De orthodoxie concentreerde zich rond de Yeshivot (Talmoedscholen) van Oost-Europa, waarvan de beroemdste de jesjiva van Volozhin (Wit-Rusland) was. Ze werd gesticht door Rabbi Chaim van Volozhin (1741-1821), de meest vertrouwde leerling van de Gaon van Vilna, Rabbi Shlomo ben Elia.

Deze jesjiva moest uiteindelijk, na meer dan honderd jaar bloei, de deuren sluiten doordat de Russische tsaristische regering eiste dat de leerlingen en de aanstaande rabbijnen naast hun religieuze opleiding ook een minimum seculiere opleiding volgden. De laatste twee bekende rabbijnen die deze jesjiva leidden, Rabbi Chaim van Brisk en Rabbi Naftali Tzvi Berlin, weigerden dit.

Rabbi Naftali Tzvi Berlin was bekend voor zijn encyclopedische kennis alsook voor zijn fenomenaal herinneringsvermogen. Hij heeft o.a. een beroemd commentaar geschreven op de Thora onder de naam Ha’emek Davar. Naast een ongelofelijke liefde voor het land Israël, was hij een geëngageerde Tsion-Liefhebber en steunde met raad en daad de eerste kern van de Chovevei Tsion (de eerste terugkerenden naar Eretz Israël). Zijn zoon, Rabbi Meir Bar Ilan (1880-1947) was een van de kopstukken van de Mizrachi-beweging. Naar hem is de enige religieuze universiteit van Israël genoemd, namelijk de Bar Ilan Universiteit in Ramat Gan.

Rabbi Chaim Soloveitchik is afkomstig uit een zeer beroemde dynastie van rabbijnen. Zijn vader, Rabbi Joseph Ber Soloveitchik (1820-1892) was rabbijn in meerdere steden, waaronder Brisk in Polen. Zijn zoon, Rabbi Chaim, was getrouwd met de kleindochter van de Netziv. Samen met zijn aangetrouwde grootvader leidden zij de Volozhin jesjiva als rectoren. Rabbi Chaim werd wereldberroemd door zijn analytische methodiek in het leren en het begrijpen van de Talmoed. Vandaag wordt zijn leermethode bijna in alle Yeshivot en niet-chassidische Talmoedscholen gedoceerd. Na de sluiting van de Volozhin jesjiva keerde Rav Chaim van Brisk naar zijn geboortestad terug en bleef daar als rabbijn werken.

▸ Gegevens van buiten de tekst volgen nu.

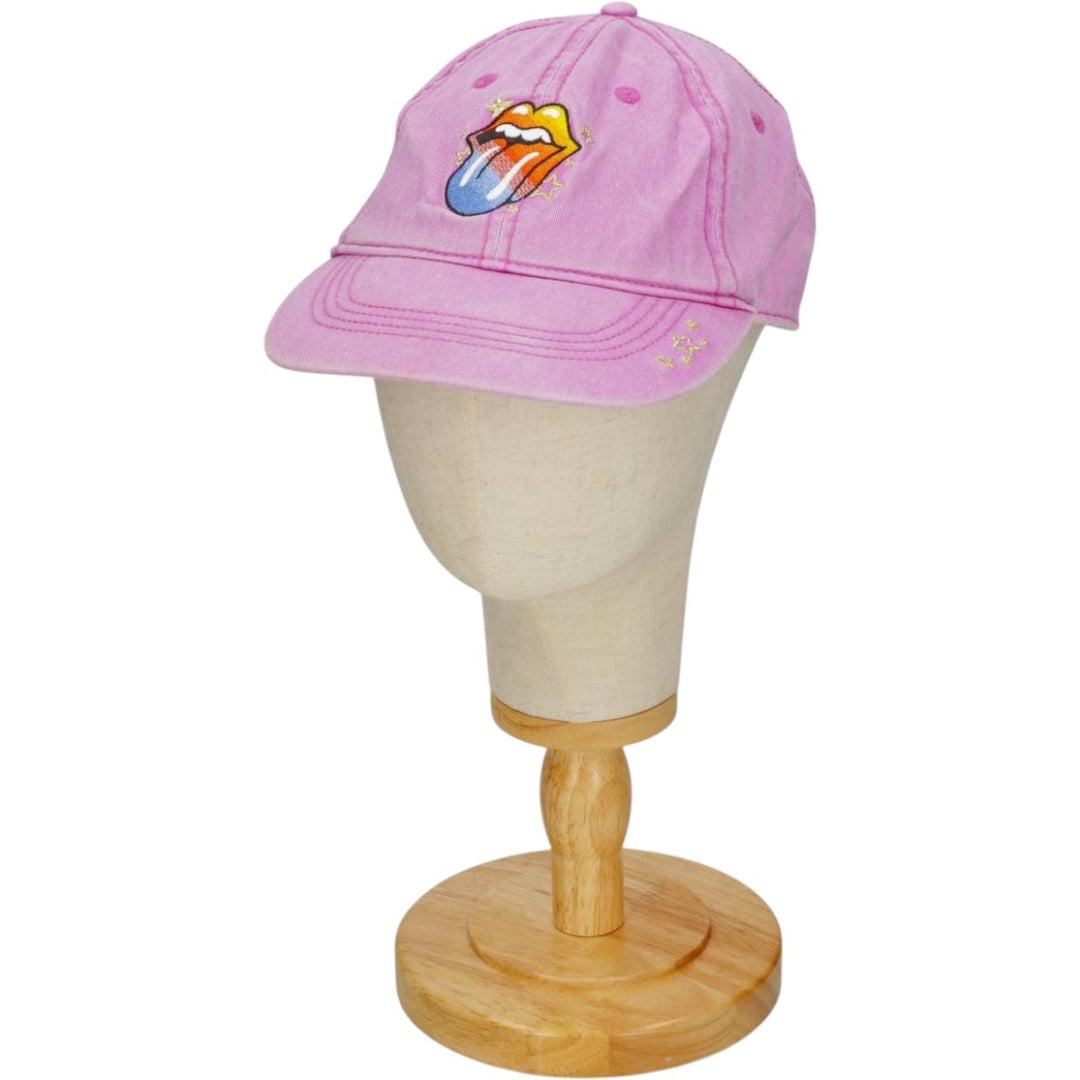 THE ROLLING STONES Baseball Cap, 6-Panel Cap, One Size Fits All unclear purple type Vintage Second Hand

Beide rabbijnen hadden een diametrale houding tegenover het moderne zionisme. Rabbi Naftali Tzvi Berlin was tijdens zijn leven een grote supporter vanaf de eerste fase Chovevei Tsion tot en met de zionistische beweging van Herzl. Zijn zoon, Rabbi Meir Berlin, heeft in grote mate de nationale religieuze zionistische beweging Mizrachi geformeerd en beïnvloed.

Aan de andere kant was Rabbi Chaim van Brisk eerder terughoudend, sceptisch en zelfs vijandig tegenover het zionisme. Dit vooral omdat hij het seculiere, profane karakter van de zionistische beweging als een bedreiging voor de Thorawereld zag. De meeste grote Litouwse citadellen van Talmoed hebben zijn grote voorbeeld gevolgd. Deze Yeshivot ontwikkelden een zeer gedistantieerde houding tegenover het zionisme.

Vooral in de chassidische dynastieën van Oost-Europa, die zich in korte tijd verspreidden, cultiveerde men een vijandige houding tegen het zionisme, dit tot aan de Shoah. Men zag in deze beweging een reflectie van een geseculariseerd jodendom dat niet compatibel is met de Thoragetrouwe ideeën van het chassidisme.

De orthodoxe en de ultraorthodoxe, chassidische dynastieën Munkasz en Satmar, zagen in de Mizrachi-beweging een legitimatie en het verlenen van een koosjer certificaat voor het bevorderen van onkoosjere ideeën en praktijken. Dit kwam er vooral na het 10de zionistische congres in 1911 te Basel, waar men naast een politieke dimensie ook een culturele, profane dimensie aan het zionisme toekende.